When asked about the DWG’s engagement with research funders, the Co-Chairs responded that the  group is engaging additional funders in several countries who are eager to participate in the Group’s  activities. David Altshuler added that the Alliance Secretariat is working to secure funding to support these advancements, and asked the Alliance community to put the group in touch with additional  funding agencies. 

When Alliance members at the plenary raised that the rare disease community is also considering  the development of globally unique identifiers, the distinction between identifiers for individuals and  identifiers for datasets was discussed (the digest concept is the latter) and it was proposed to review  the cross-working group implications of these efforts and report out on this issue in the coming  months. 
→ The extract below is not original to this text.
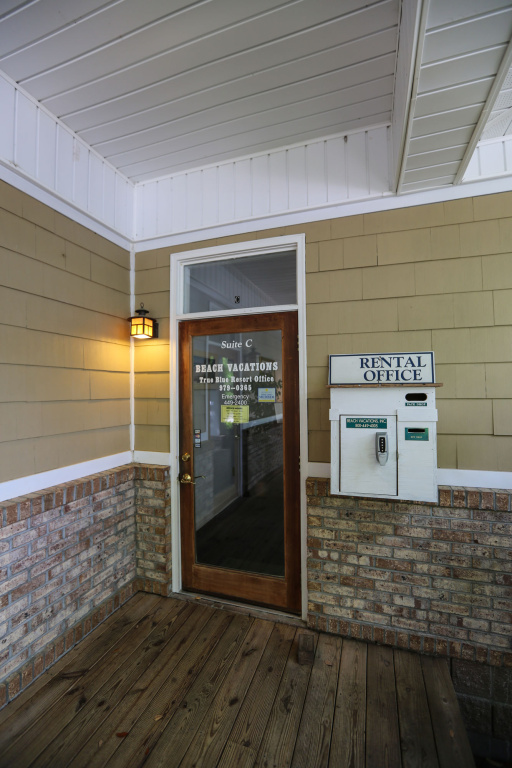 apartmentpicture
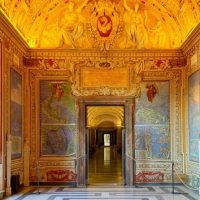 Walking Tours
In response to a final question of how available the tools of the DWG are to the broader global  community, DWG Co-Chairs explained that these tools are available to anyone who can access the  Internet, but acknowledged that development of tools must be combined with education and  outreach to increase contributions and uptake. Once the reference implementation is complete,  Haussler stated that the DWG will be in a stronger position to reach out actively and broadly to  potential users.

DWG next steps:

  • An open source reference implementation for the Genomics API in 2015
  • Tools including a benchmarking suite and variant comparison engine in 2015 Fully launching four new Task Teams: RNA and Gene Expression, Genome Annotation,  Genotype2Phenotype Association, and Containers and Workflows
  • Exploring the concept of dataset Digests with the other Working Groups and outside organizations

CLINICAL WORKING GROUP

Kathryn North (Murdoch Childrens Research Institute) began by noting that the Clinical Working  Group (CWG) is driven by one question: how do we represent phenotypic data and link it to  genotypic information? The goal of the CWG is to address both the research and clinical use of  genomic data, utilizing an approach that is physician-oriented, researcher-focused, and patient centered. 

North described the major activities of the CWG, including the current mapping of initiatives that  promote data sharing. In addition to working closely with the BRCA Challenge and the Matchmaker  Exchange, the CWG hosts the following four task teams. 

  • Catalogue of Activities Task Team: mapping current initiatives that promote or enable data  sharing, starting with Mendelian Genetic Disorders and turning next to cancer, because of  the immediate therapeutic implications, and an eHealth catalogue of activities. 
  • Genomic Data and Electronic Health Records Task Team: working to better integrate  genomic medicine and research into  electronic health records. The CWG is  currently mapping existing and emerging  initiatives with the Global Genomic Medicine  Collaboration (G2MC) and others.
  • Clinical Cancer Genome Task Team:  working to harmonize the many sequencing  efforts in the cancer community by promoting standards and best practices that support  clinical decision-making. Near-term goals of  this Task Team include working closely with  existing initiatives.
  • Phenotype Ontology Task Team: bringing together international efforts to develop and  promote standard language and tools for recording patient clinical phenotypes for  diagnostics and translational research. 

In response to a question about the next steps for linking the CWG’s cutting-edge genomics work to  electronic health records, North responded a likely path would be selecting a few demonstration  projects, sparking a lively discussion about the need to involve major private electronic health records providers (several of which had already been invited to participate). Alliance leadership  agreed that while the CWG will remain technology agnostic, the participation of the private sector is  of critical importance. 

A second area of discussion centered on a question of integrating non-human model organisms into  the work of the CWG. North agreed to explore this important idea, which was also raised in the  context of the DWG’s Metadata Task Team.  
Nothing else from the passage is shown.